━━━ INFORMATION PROVIDED

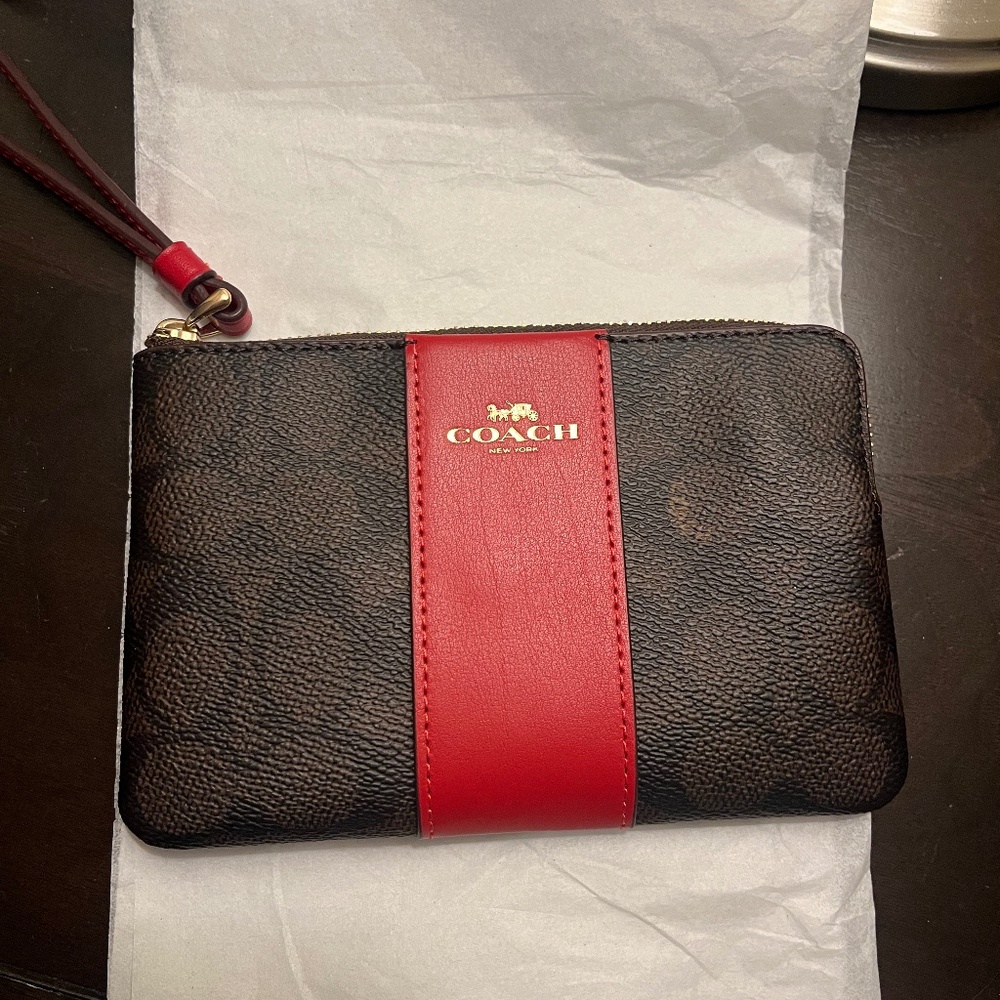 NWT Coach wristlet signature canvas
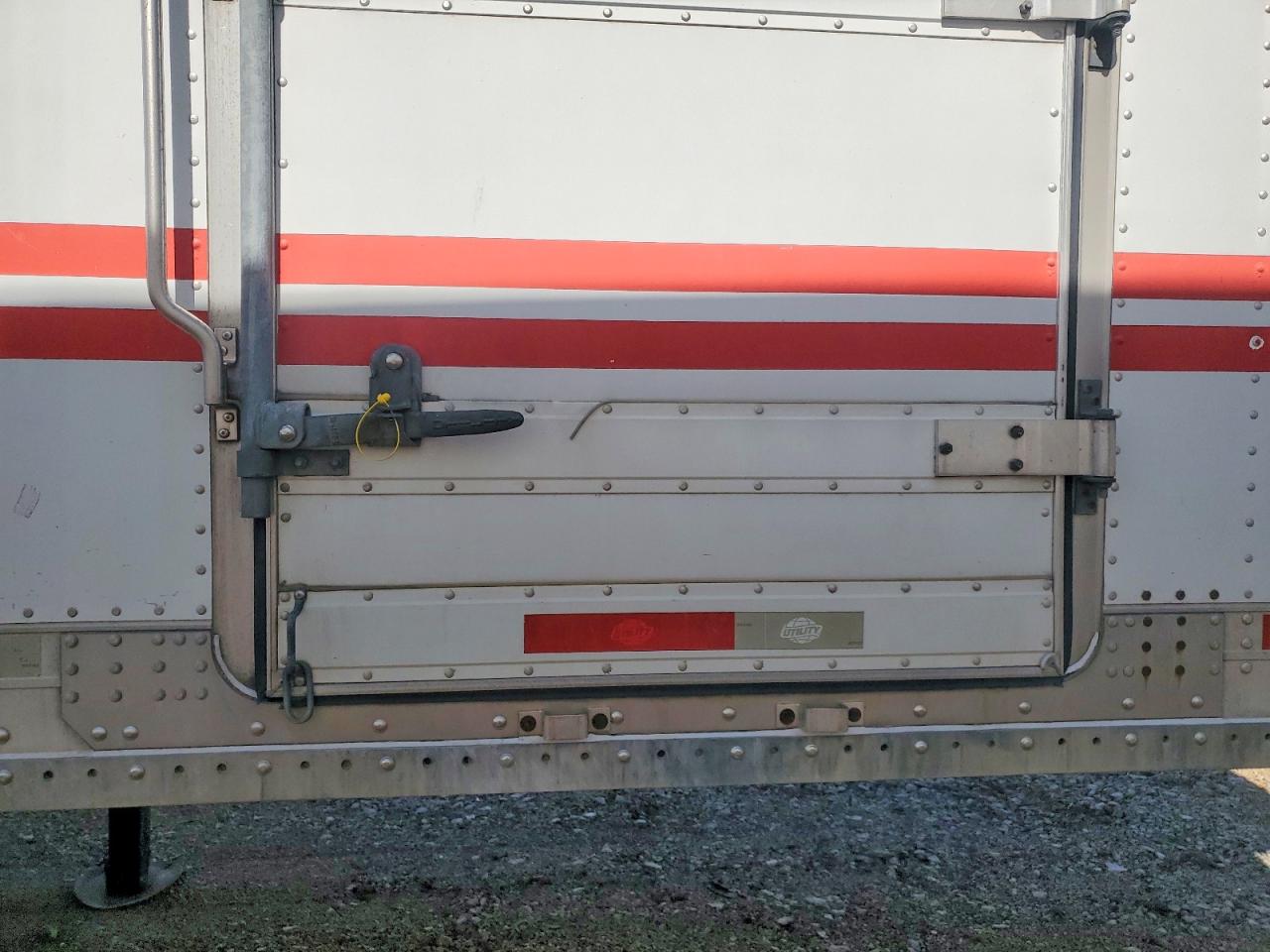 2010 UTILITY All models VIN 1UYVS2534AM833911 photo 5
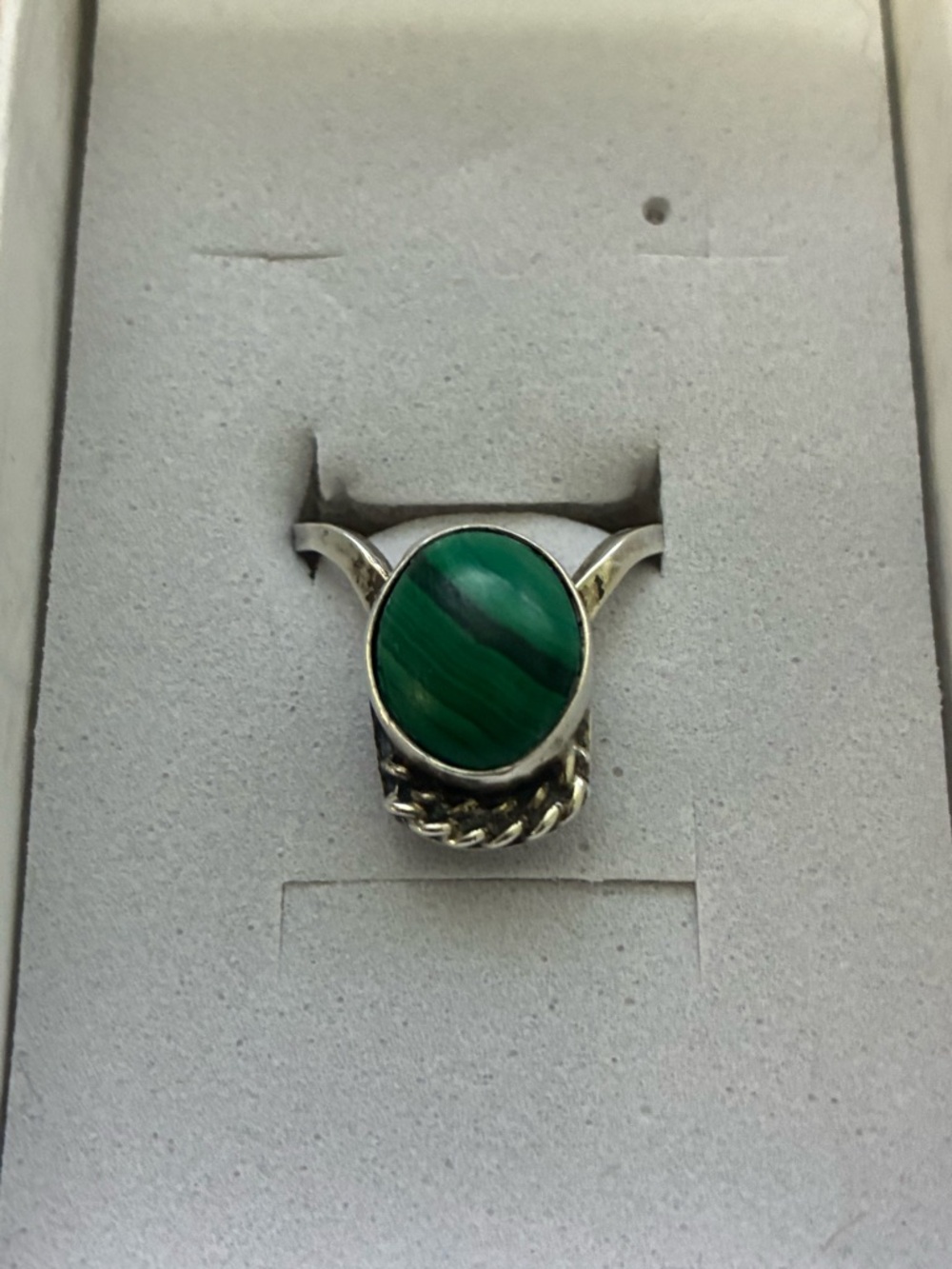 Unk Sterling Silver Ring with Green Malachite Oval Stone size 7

━━━━━━

The answer must be the full listing, exact in every line, with the pictures removed.

 NWT Coach wristlet signature canvas
 2010 UTILITY All models VIN 1UYVS2534AM833911 photo 5
 Unk Sterling Silver Ring with Green Malachite Oval Stone size 7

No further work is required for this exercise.